一、宗制及び宗規その他の規定の制定又は変更に関する事項
二、教王護国寺の規則及び規程の制定又は変更に関する事項
三、この法人(真言宗東寺派)及び教王護国寺の基本財産及び特別財産の制定及びその変更並びに処分及び担保関する事項
(後略)

 この他多くの条項で「この法人及び教王護国寺」という表記がなされている。つまり宗会は「真言宗東寺派」だけでなく、総本山「教王護国寺」の規則や運営、活動などの決定権を持つ状態だった。
 宗会というのは教団の諸々を決める会議で、日本政府で言えば「国会」にあたる。国会が日本の法律や税金の取り方・使い方を決めるように、宗会が「真言宗東寺派」の決まり事やお布施の集め方、お布施の使い道等を決めている。
 宗会は国会と同じく「議員」が集まって開くもので、東寺派の宗会議員は定員七名だった。全国の末寺から選ばれる公選議員が五人、寺院及び教会の代表役員から一人と教王護国寺塔頭寺院の代表役員から一人が特任議員として選出される形となっていた。
 宗会議員のほとんどが末寺から選ばれている以上、総本山であるにも関わらず教王護国寺は宗会で発言力を持つことが出来ず、宗派の運営に強く関わることが出来ない。しかも、その総本山が関与できない宗会によって、総本山の規則や財務が決められていた。総本山・教王護国寺にとってこれが許せなかった。

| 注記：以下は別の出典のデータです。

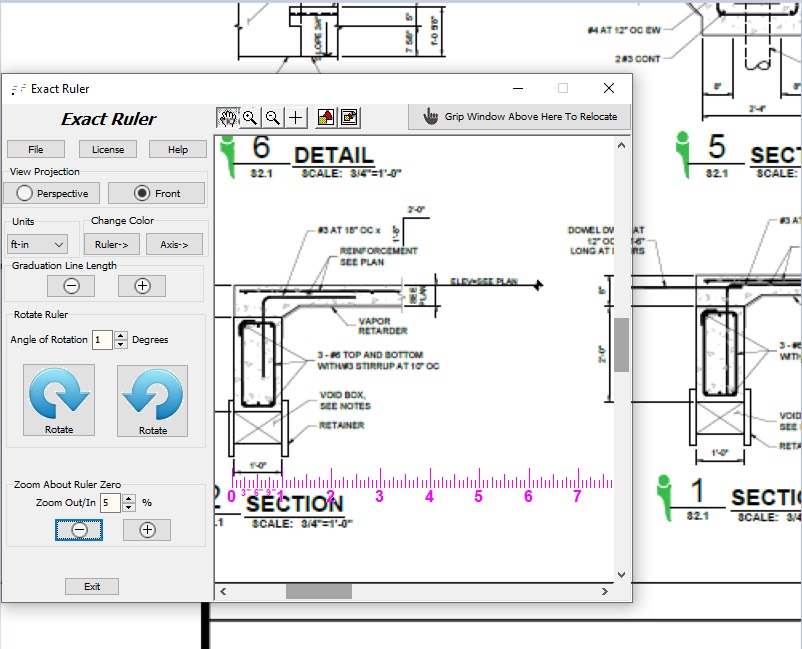 Exact Ruler – An on Screen Variable Scale See Through Ruler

「教王護国寺の独立宗教法人としての自主性は完全に奪われ、挙げて宗派の特に宗会の独断に委ねられることになっており…」
 宗教法人教王護国寺は、宗教法人真言宗東寺派に所属するとは言え個別の宗教法人である。独自の規則があって、それに従って運営されるはずだが、その運営どころか規則の変更まで宗会に決定権があるのは、まさに自主性が守られていない状況だった…と、田中は主張している。
 また、教王護国寺は戦争前後の混乱期の衰微から立ち直ろうと努力してきたという。これは洛南高校の建設などの活動を指しているが、それらについて東寺派からの援助は微々たるもので、ほとんど教王護国寺が自前で資金を捻出してきたらしい。それどころか、真言宗東寺派の運営費のほとんどを総本山・教王護国寺が負担しており、他宗派には見られない宗本関係があった。昭和39年の第19回定期宗会では宗派の予決算の99%は教王護国寺が占めるとの発言も出ている。

 以上が、田中清澄『本末断機の習い』における主な主張である。こうした総本山側の不満に対し、宗派・宗会側もある程度理解を示していたようで、「東寺派規則」の改定に向けて話し合われることになる。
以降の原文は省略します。